L'expérience du mariage il est vrai, la plupart des Pères, ne l'ont pas eue. Ajoutons par ailleurs que l'expérience d'une chose inférieure, comme la fornication, n'autorise guère à parler du mariage et cette règle s’applique à tous les domaines. On raconte qu'un cordonnier critiqua un jour la manière dont le célèbre peintre grec Apelle avait représenté un soulier dans une peinture : ce dernier accepta la critique de bonne grâce, et fit la rectification proposée. Enhardi par son succès, le cordonnier critiqua le buste du personnage peint .

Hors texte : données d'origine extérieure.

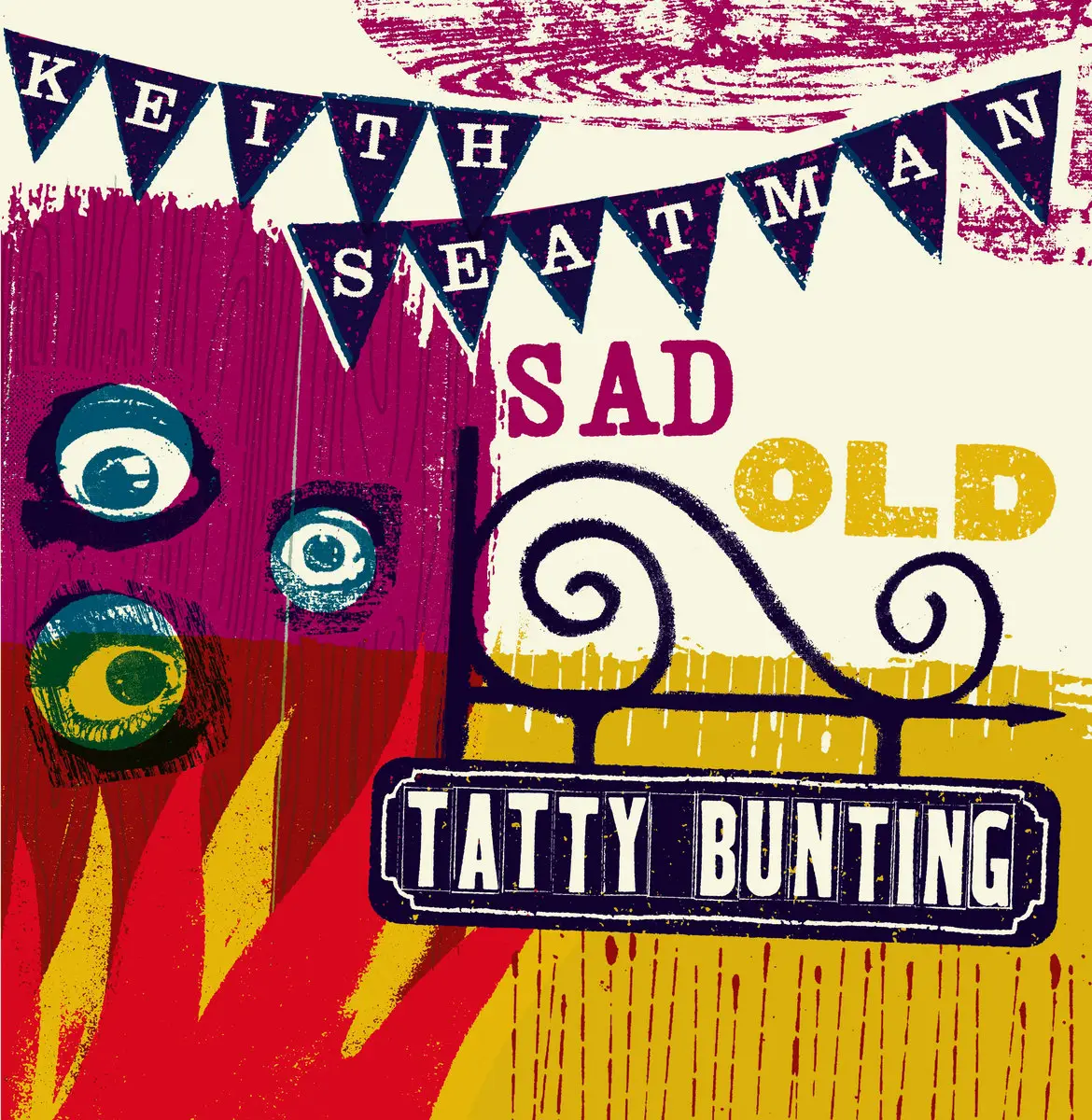 Keith Seatman - Sad Old Tatty Bunting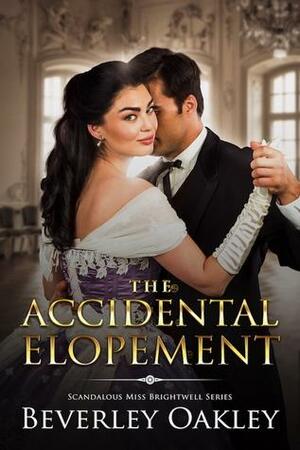 The Accidental Elopment by Beverley Eikli, Beverley Oakley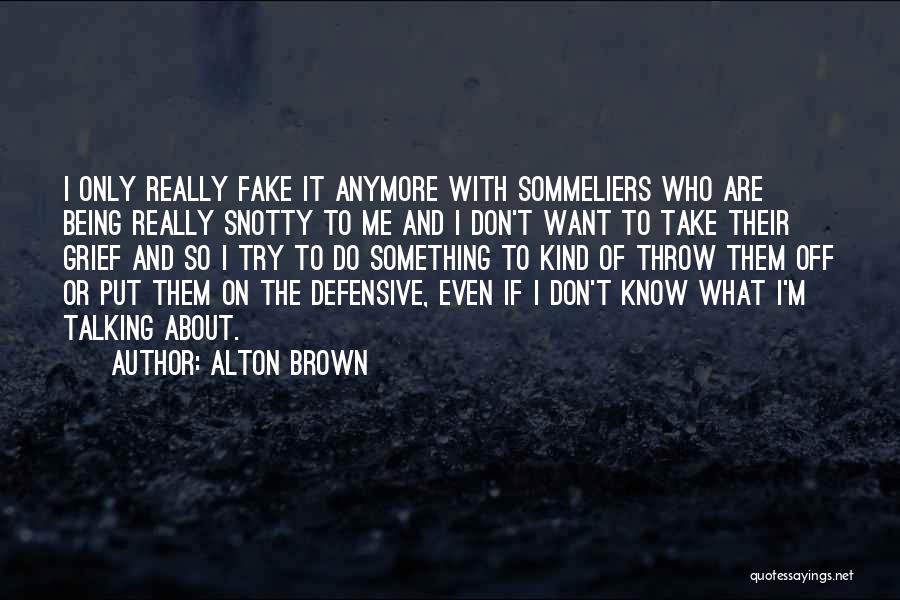 Someone Not Talking To You Anymore Quotes By Alton Brown
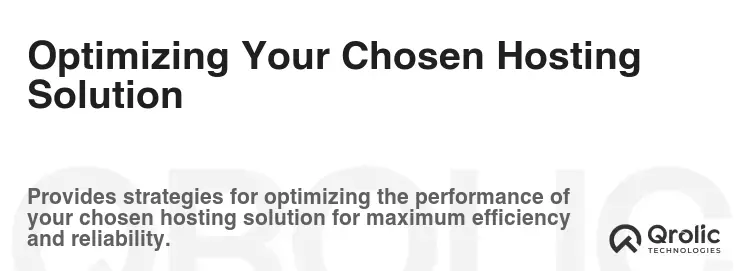 Optimizing Your Chosen Hosting Solution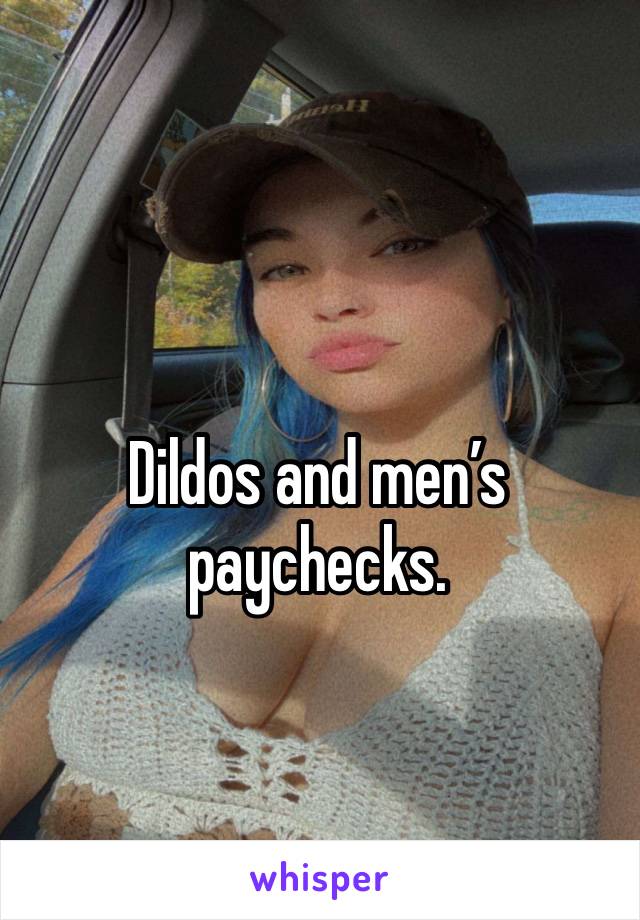 Dildos and men’s paychecks. 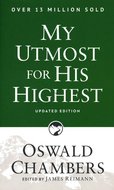 Oswald Chambers - My utmost for His highest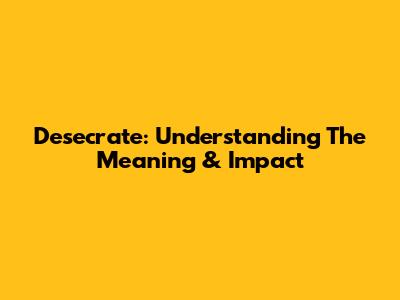 Desecrate: Understanding The Meaning & Impact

« Cordonnier assez ! s’écria Apelle : ne monte pas au-delà du soulier ". Pareillement et en toute déférence, la psychanalyse, dont le domaine se limite à la sphère la moins humaine chez l'homme, fait fausse route dès qu'elle prétend expliquer tout l'homme : à preuve, les conclusions aberrantes auxquelles Freud, pourtant le plus grand génie de cette science, est parvenu en psychanalysant Dostoïevski. En revanche, l'expérience de ce qui est supérieur dans un domaine, inclut la connaissance de ce qui est inférieur dans le même domaine. C’est ainsi que, le vice étant une déficience par rapport à la vertu qui lui est opposée, l'expérience de cette vertu, jointe à un génie observateur, suffit pour bien connaître le vice qui lui correspond : il n'était pas nécessaire que Molière fût avare ou hypocrite pour décrire si bien Harpagon ou Tartuffe, ni que Shakespeare fût meurtrier ou abject pour créer une "Lady Macbeth" ou le personnage de Caliban. De la même façon, on peut soutenir qu'il n'était pas nécessaire aux Pères de faire l'expérience du mariage pour en bien parler. L'essence du mariage, en effet, c'est l'amour sexuel. Et l'amour, qu'il soit sexuel, paternel, ou spirituel, renferme en lui une même réalité sous-jacente à toutes ses diverses formes - sinon il n'aurait pu être désigné par une dénomination commune à elles toutes. Or les Pères, à tout le moins, ont fait l'expérience de la forme la plus haute de l'amour : celle de l'amour divin, dont l'amour sexuel n'est que le lointain "simulacre, ou plutôt une émanation"; nous le verrons au cours de cette étude. Ils pouvaient donc, le génie aidant, avoir l'intuition d'un amour inférieur. Quant à savoir si effectivement ils l'ont eue, le lecteur en jugera par les pages qui suivent.

Enfin, je n'ignore pas l'accusation abjecte, exhalaison infecte d'esprits infects, qui représente les Pères (et tous les saints) comme des "obsédés", accusation que l’on devrait, avec le plus total mépris laisser flotter autour du fumier dont elle procède, si elle n'était devenue un axiome, colporté par des débauchés dont l’un des principaux soucis est de jeter le ridicule sur tout ce qui menace leur débauche bien pensante. Ainsi, selon la belle logique du "monde", ceux qui se vautrent dans les pâturages d'Asmodée jour et nuit, ceux dont l'esprit et le corps sont travaillés et hantés par les mêmes frénésies, ne sont pas des obsédés et s’honorent même du titre d’"épanouis" ; mais les saints à l'esprit plus pur que la lumière, véritable miroir des choses divines ne pouvant supporter la moindre souillure, étaient des "obsédés ». Il suffit d'énoncer cette accusation pour qu'elle se retourne contre ceux qui la lancent.